Published in Fenestration Review (2021-02-25)
Promoting Window Efficiency
For several decades now, environmental advocates have wished Canadians would spend more on their windows. But the math hasn’t worked out for homeowners. Now, the question of how to move the market upstream has gained new urgency.
As we move on from the hallmark year of 2020, governments around the world are under more pressure than ever to ensure carbon emissions within their borders are minimized or reduced. The government of Canada, along with others that signed the Paris Climate Agreement, wants its companies and its citizens to use less energy. With citizens, there’s a focus on high-performance windows so that the energy used to heat and cool houses is minimized.
It was already five years ago that Natural Resources Canada launched the Market Transformation Initiative which aims to encourage more uptake of high-efficiency windows. Will this initiative work? What roles should the government and the fenestration sector play in making the use of these windows more common? This topic was the focus of a recent panel discussion at the 2020 Fenestration Canada WinDoor event. Panel host and Fenestration Review editor Patrick Flannery noted that through better windows, huge building envelope efficiencies can be made. But while you can legislate what types of windows must be used in new builds, he asked, “what do you do about renovations and the rest of the market? Governments are looking for answers from the industry on how we’re going to transform the Canadian window market into something that’s more accepting of higher-performing products.”
Perhaps the first step to having more uptake in high-efficiency windows is to ensure there are a number of products to choose from. Like many other firms, Euro Vinyl is increasing its high-efficiency product lineup. It now offers a sliding door that can take triple panes and will be offering an enhanced casement system next year. Thermoproof is currently testing a new double-triple slider and a triple casement, but Drew notes that “we have a two-tier rebate system for renovations here in BC, with the second tier for windows of a U value 1.22 or lower…but our window for the second tier is in testing.”
Weil adds that demand continues to grow for larger windows which can’t always include more efficient glass, and discerning customers with high incomes will beef up their heating system if that’s what they have to do to have more glass in their homes. Madha echoes these thoughts, noting that customers will say “I want energy efficiency but I still want my glass and my views; so it’s a compromise.”
Weil explains that customer discussions about window performance usually focus on comfort.
Customers are looking for narrow frames and large windows first, and energy efficiency is typically later in the conversation. “It’s about comfort, how much floor space do you want to be able to use, how close do you want to be able to get to the window in winter, how do you want the place to feel,” she says. “I find that’s a much better way of talking about thermal efficiency.”
Drew agrees, explaining that he approaches these discussions in a similar manner to how weather forecasters in some parts of the world talk about the day’s weather in comparison to the day before. “I think it’s brilliant,” he says. “So, we talk to them about their current home. They point out where it’s warm and we look at why and where it’s cold. You put them in their current state so that they can talk about their future state.”

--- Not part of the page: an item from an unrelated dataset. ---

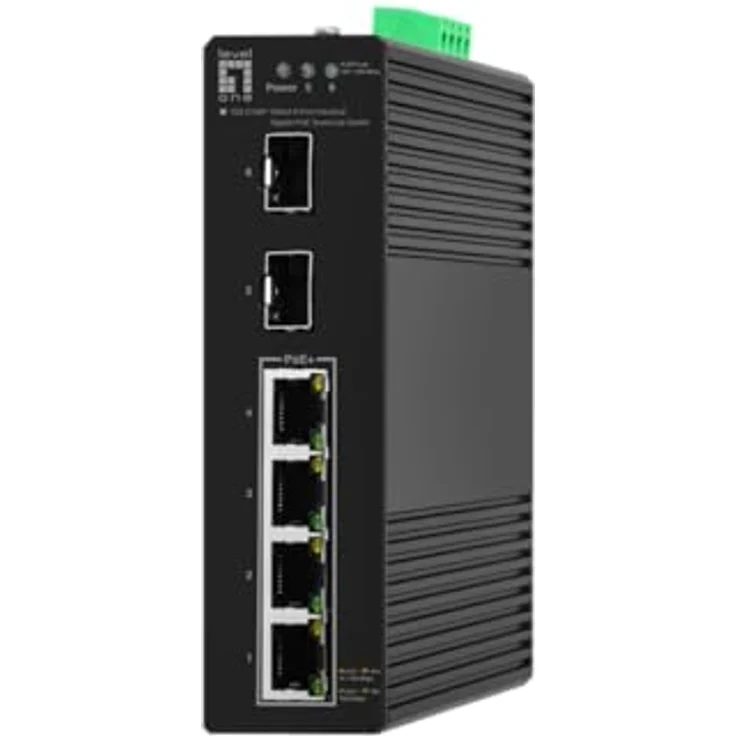 LevelOne IGS-2106P Hilbert 6-Port Industrieller Gigabit PoE Smart Lite Switch, 2 x SFP, 4 PoE-Ausgänge, 802.3at/af PoE, Schwarz – Bild 1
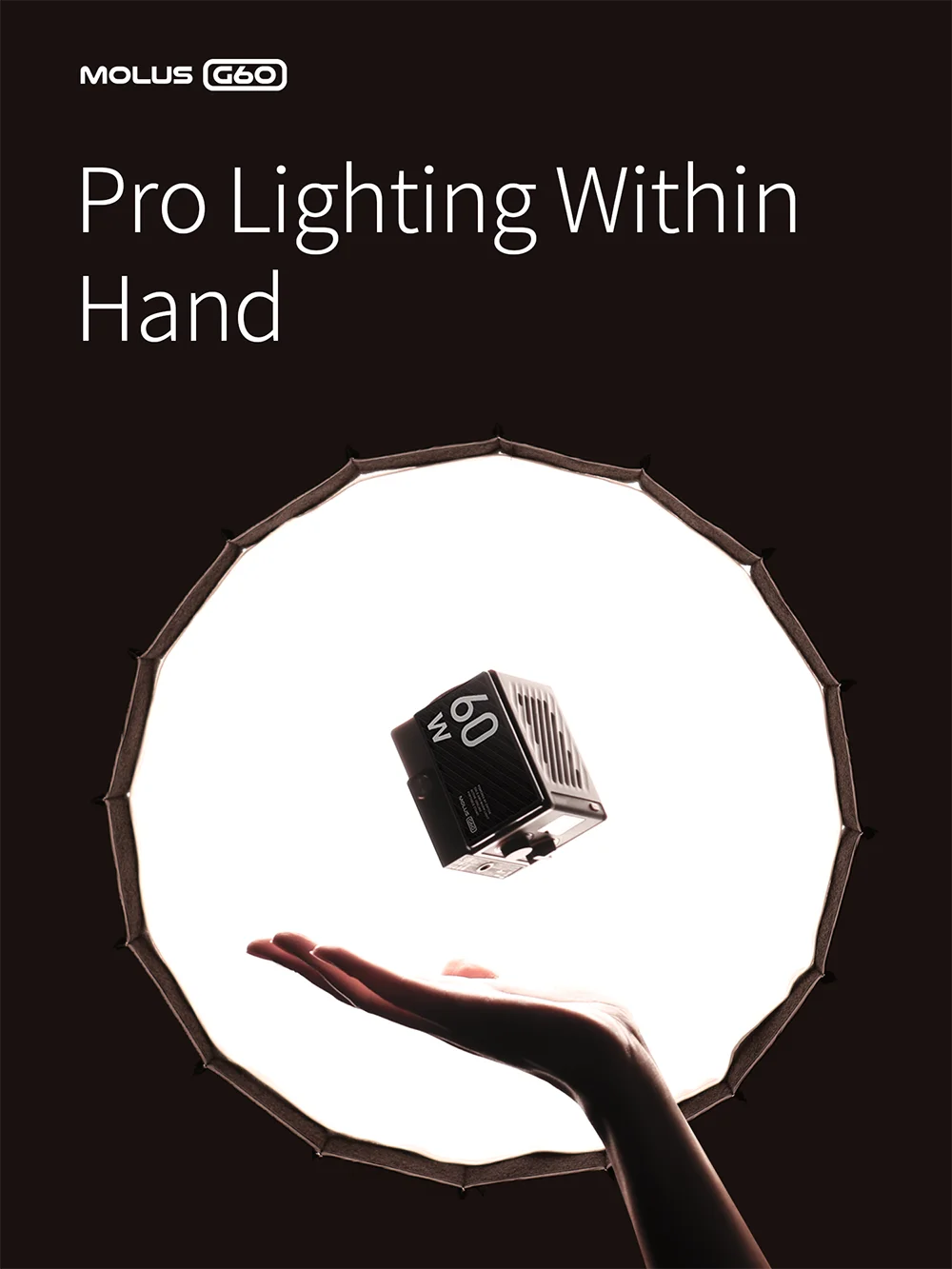 MOLUS G60 COB LED Video Light 60W Pocket Photography Lighting for Studio Video Y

There have been several rebate programs over the years at the provincial and federal levels to encourage purchase of high-efficiency windows. In Ontario a few years ago, the GreenON program offered $500 per window and got overwhelming traction. A current rebate program in BC of $50 for a double-pane window with a U-value of 1.40 or less, and $200 for a window that meets 1.22 or less, says Drew, has not had the traction that the government would have liked to see. “There were a lot of steps to getting to the rebate and that put homeowners off,” he says. “Interest is picking up and some companies are doing a much better job [of promoting it] depending on their inventory.”
Drew adds that the Home Performance Stakeholders Council (funded by the B.C. government, BC Hydro and natural gas firm, Fortis) has discussed the idea that every house put up for sale could be required to have an energy advisor’s report, an EnerGuide number, so that potential buyers could understand the energy rating of their choices. Windows would factor in and this system might incentivize some sellers to put in high-efficiency windows, but Drew is not sure the idea “is ever going to fly.”
Shifting the market
Drew, Weil and Madha all agreed that window costs need to come down if high adoption rates of energy-efficient windows is ever to occur.
“I like the 1.05 U-value window because it allows most manufacturers to keep manufacturing, but that’s my personal perspective,” says Drew. “I know we’ll meet 1.05 and we’ll get lower than that, but meeting 0.8 is where the cost curve starts to go up.”
Weil notes that from a big-picture perspective, with other things like lighting and vehicles, energy efficiency gains have been made, and it will further progress. Windows are no different.
“We’ve made progress and it’s part of the general conversation,” she says. “I think most homeowners want to have an energy-efficient home because it feels good and it’s ethical, but moving that needle has to be methodical. There has to be accessible technology available to us and, as our industry changes as a whole and smaller manufacturers are bought up by larger groups, there’s going to be a lot more money available to our industry to develop new products. I think the changes will align and create a retrofit program that’s attainable and realistic. I’m sure that needle will move. It’s just going to take some time.”
This article was Published in Fenestration Review (2021-02-25)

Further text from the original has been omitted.